In Reassure America Life Insurance Company v. Midwest Resources, Ltd., the dispute concerned an insurer’s obligation to pay out benefits on a life insurance policy. The decedent was issued a $500,000 life insurance policy in December 2000, and he transferred all rights and interest in the policy to the defendant insured in May 2001. The insurer did not object to the transfer or raise any concerns upon receiving notice of the transfer.
The insured paid premiums on the policy totaling over $100,000 until the decedent policyholder’s death in January 2009. It submitted a claim for death benefits a month later, and it provided the necessary documentation.
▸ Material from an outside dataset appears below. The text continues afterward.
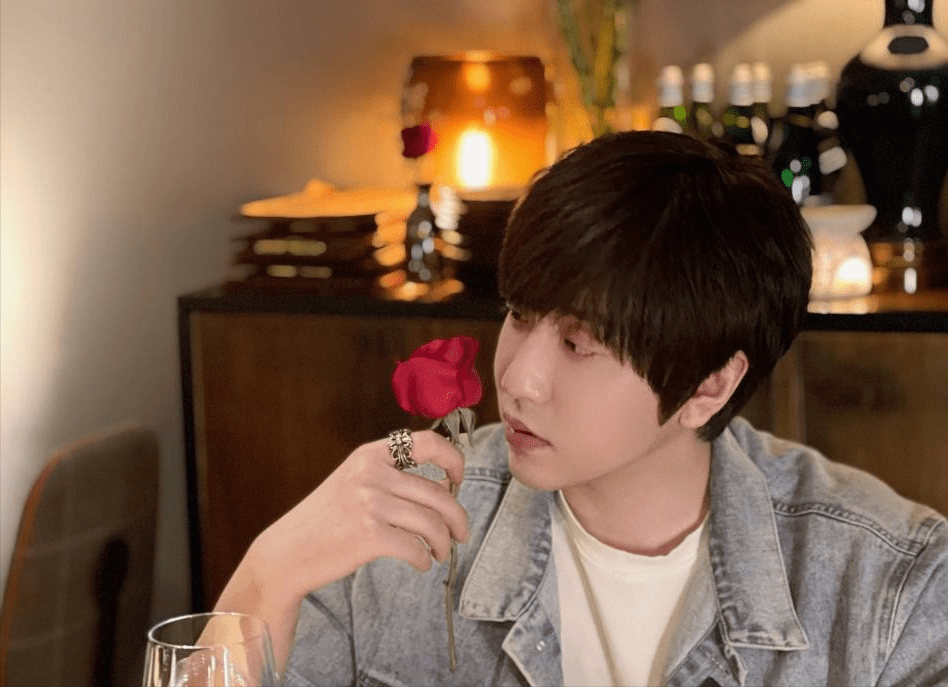 去最高档的餐厅,做最接地气的事,美食博主mr白冰的做法让人点赞_视频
However, the insurer allegedly “refused to pay the death benefits” and “failed to timely make a decision on its claims” despite receiving at least three demands from the insured for payment after it filed the initial claim.
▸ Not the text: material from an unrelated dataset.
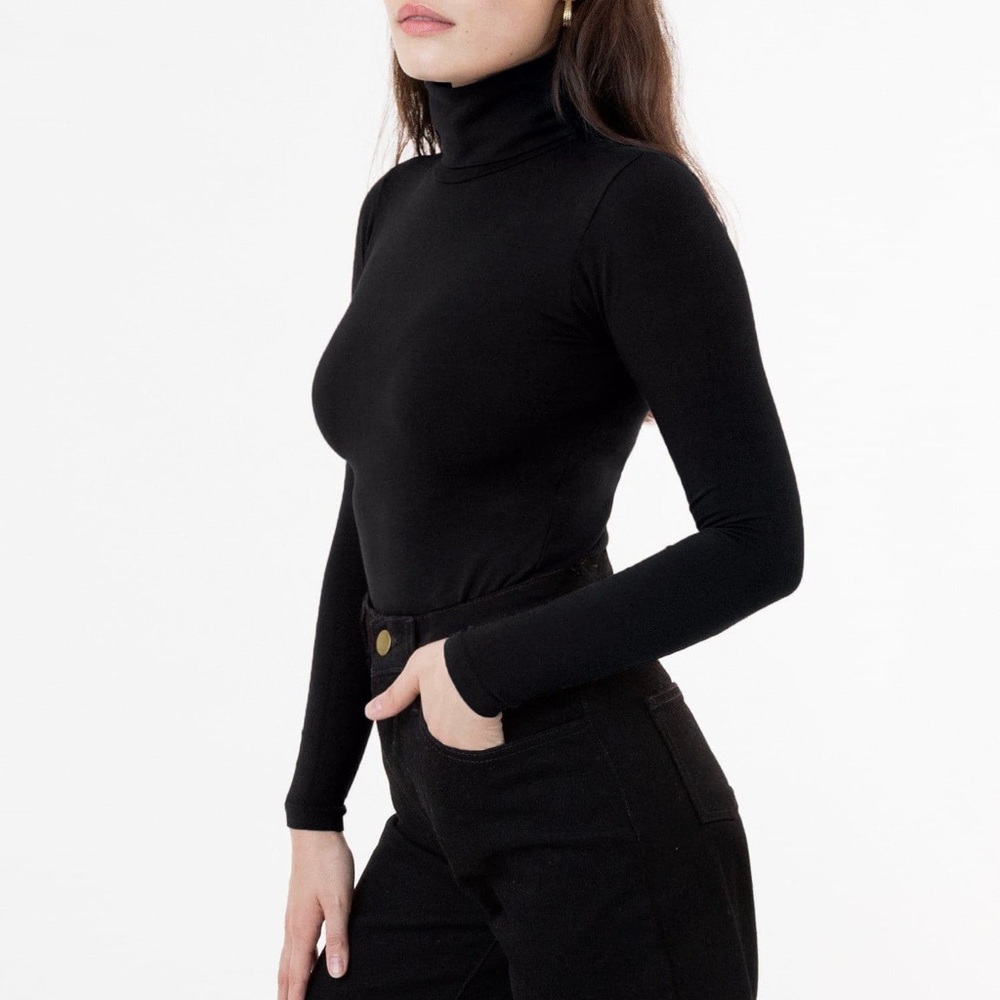 COTTON SPANDEX GARMENT DYE TURTLENECK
In this case the insurer commenced the proceedings by filing a suit for declaratory judgment action to determine whether the decedent purchased the policy with the intent of selling his interest to the insured as part of a stranger-oriented life insurance (“STOLI”) scheme, which it claimed would void the policy under Pennsylvania law. The insured answered the initial Complaint and filed counterclaims, asserting both breach of contract and bad faith by the insurer for failing to pay benefits under the policy. The insurer then filed a motion to dismiss the counterclaims for failure to state a cause of action under Fed. R. Civ. Pro. 12(b)(6).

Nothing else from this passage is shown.